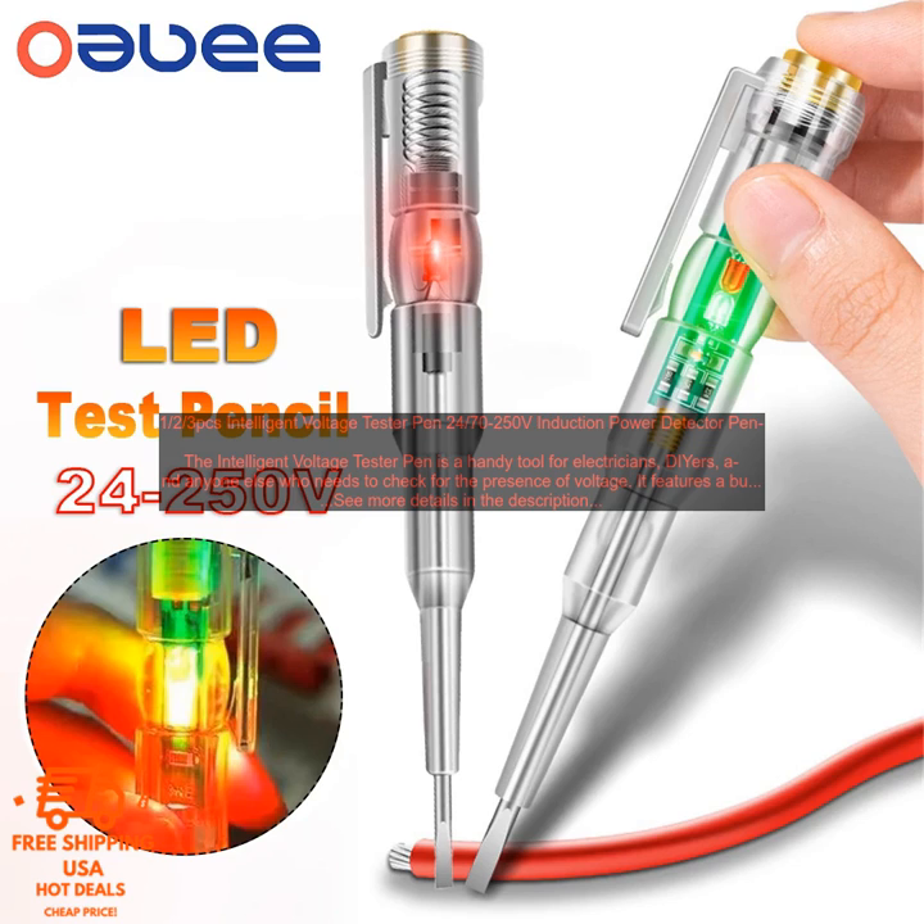The Intelligent Voltage Tester Pen is a safe and reliable way to check for voltage. It is made with high-quality materials and construction, and it is backed by a one-year warranty.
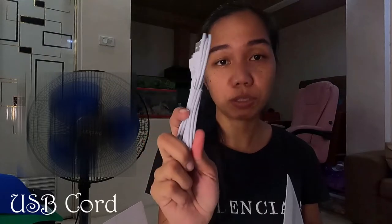Ayan, merong green, red, yellow, white, black, and blue. So, ayan guys — ito yung binili ko guys na lightbox. May kasama siyang USB cord.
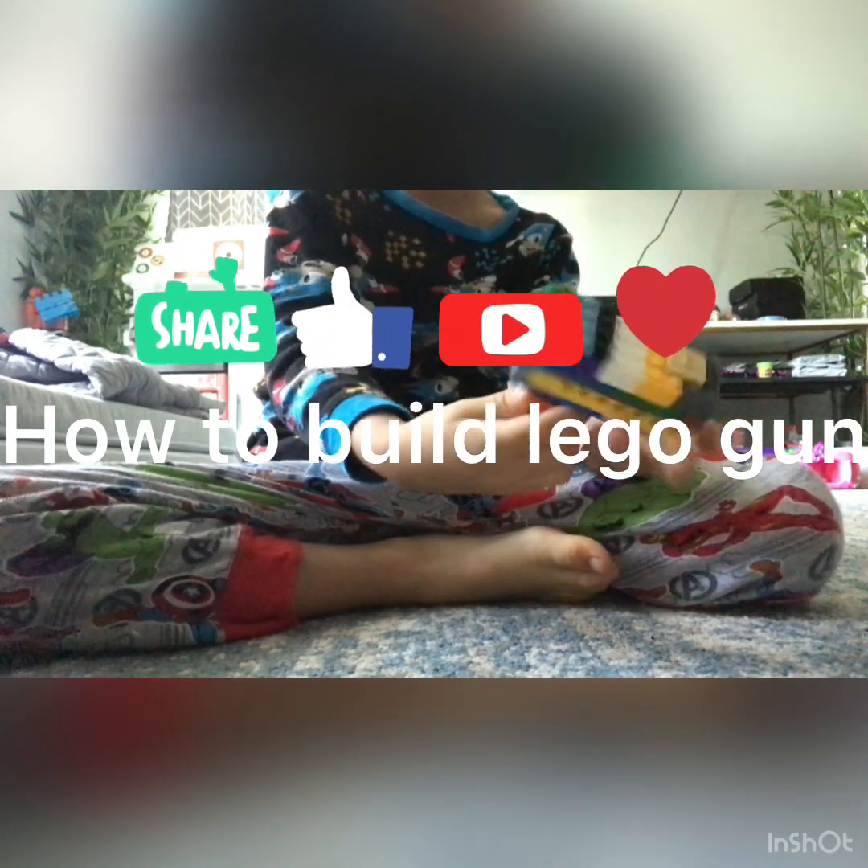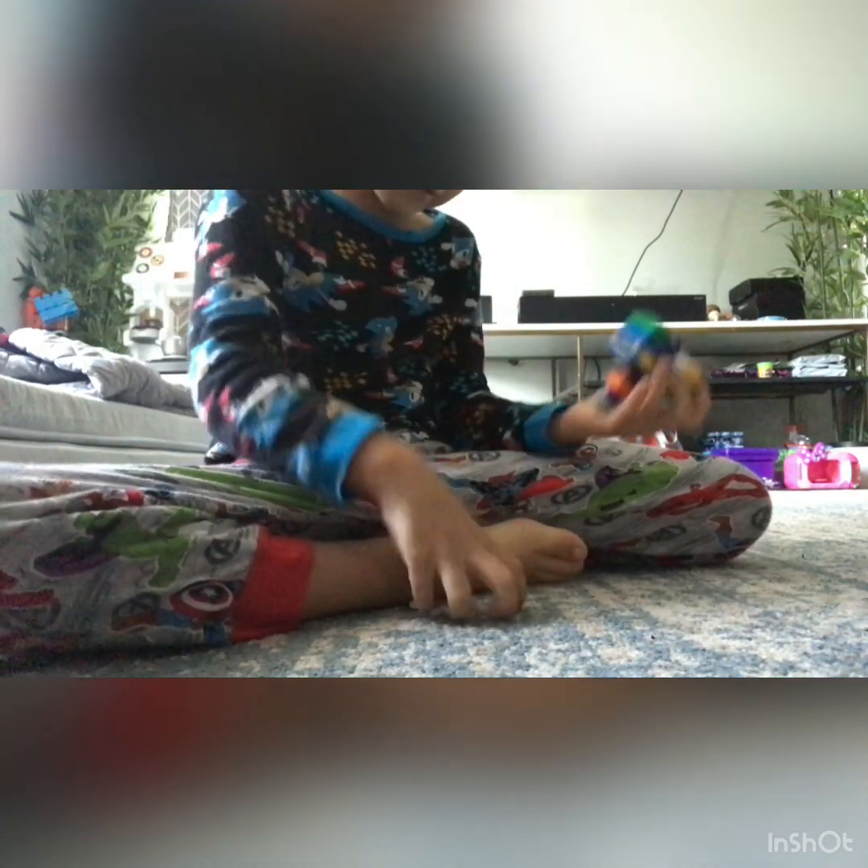Hi everyone, this is a video on how to build a Lego gun you can actually shoot. There, let me try that one more time. I thought this might work.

^^^^^^^^^^^^^^^^

REQUIREMENT. Everything in the listing is to be returned word for word, except the pictures.

SOLUTION TO THE PROBLEM.
The Intelligent Voltage Tester Pen is a safe and reliable way to check for voltage. It is made with high-quality materials and construction, and it is backed by a one-year warranty.
Ayan, merong green, red, yellow, white, black, and blue. So, ayan guys — ito yung binili ko guys na lightbox. May kasama siyang USB cord.
Hi everyone, this is a video on how to build a Lego gun you can actually shoot. There, let me try that one more time. I thought this might work.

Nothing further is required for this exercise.